On August 29, 2025, during a speech at Ohio State University Law School, Assistant Attorney General Gail Slater announced the creation of a “Comply With Care” task force within the Antitrust Division of the Department of Justice (DOJ), which will focus on enforcement actions against parties flouting disclosure obligations. The speech and task force are a continuation of the Antitrust Division’s recent lawsuits against companies for failing to make merger filings under the Hart-Scott-Rodino (HSR) Act or responding properly to investigations.
AAG Slater stated the DOJ’s commitment to counter those who “undermine sound antitrust enforcement for everyone,” specifically claiming that “a few actors—many of them at Big Law firms” have used “[t]actics designed to circumvent legal process and hinder our investigations.”
The speech highlighted alleged violations of the HSR Act, which are subject to a fine of up to $53,088 per day. The targeted practices include failing to make HSR filings and failing to submit relevant documents.
AAG Slater criticized other practices in investigations and pointed to court rulings finding that corporate defendants failed to preserve evidence and live up to discovery obligations. Specific objectionable practices include delay tactics, overuse of the attorney-client privilege, deficient privilege logs, and failure to preserve documents, including ephemeral messages. Her remarks took aim at practices aimed at hiding material information from investigators or courts, such as “systematic behavior that led to the destruction of relevant evidence,” particularly regarding the use of messaging apps due to the automatic deletion of messages within 24 hours and the failure of hold notices to prevent such deletions.

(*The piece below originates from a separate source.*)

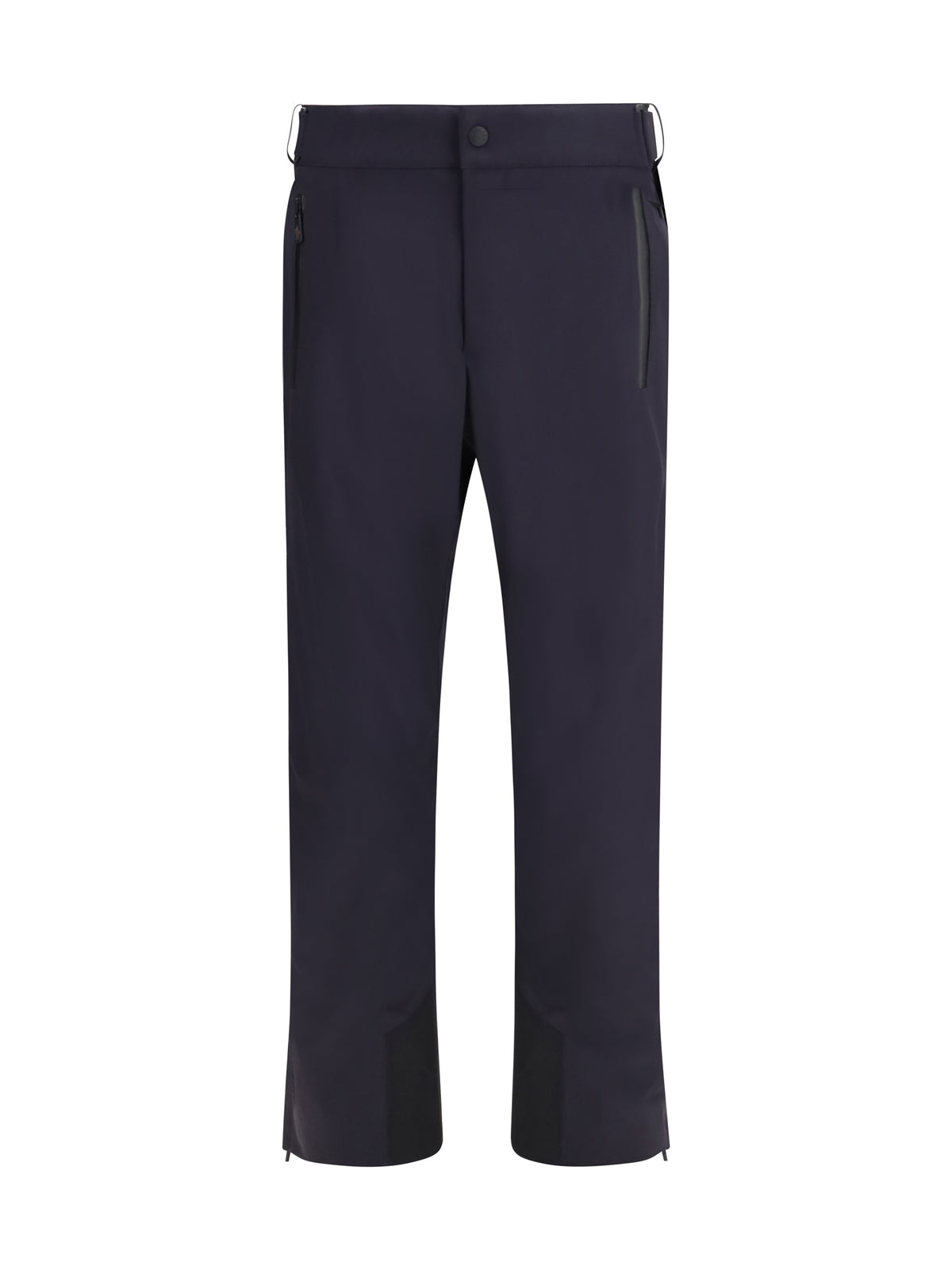 Moncler Grenoble Men Insulated Ski Pants MONCLER GRENOBLE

AAG Slater highlighted that privilege logs must not be abused and noted, for example, that simply listing “Legal Department” as the basis of privilege is not sufficient. Accordingly, “[p]rivilege abuses are grounds for enforcement actions and sanctions motions.” Examples included an enforcement action filed against a company for claiming a “blanket privilege” over an entire category of documents, and a company that instructed employees to add attorneys to communications and to “ask the lawyer a question” whenever they dealt with a sensitive issue, and to “avoid using certain ‘antitrust buzzwords’ in their communications.”
To combat these abuses, the Antitrust Division has established a “Comply With Care” task force targeting “problematic tactics from outside lawyers and law firms” that could distort the process and obfuscate the potential anticompetitive effects of transactions or conduct. The responsible Antitrust Division officials will focus on “abuses” by respondents in investigations “and take decisive action to address them.” The task force will likely issue guidance and continue to bring investigations and enforcement actions against companies viewed as not complying with their legal obligation to make filings or respond to process.
The importance of parties’ and counsels’ credibility before the agencies and the courts cannot be overstated. Although the substantial burden of any agency investigation, including the detailed privilege logs called for by Second Requests and other agency civil investigative demands, and the preservation obligations arising from the ever-evolving technologies and methods of communication, do not make compliance simple or easy, consultation with counsel well in advance of making required HSR filings and at the earliest stage of any internal or external investigation can assist with counterbalancing some of those burdens and mitigating the cost of litigating compliance or imposition of sanctions.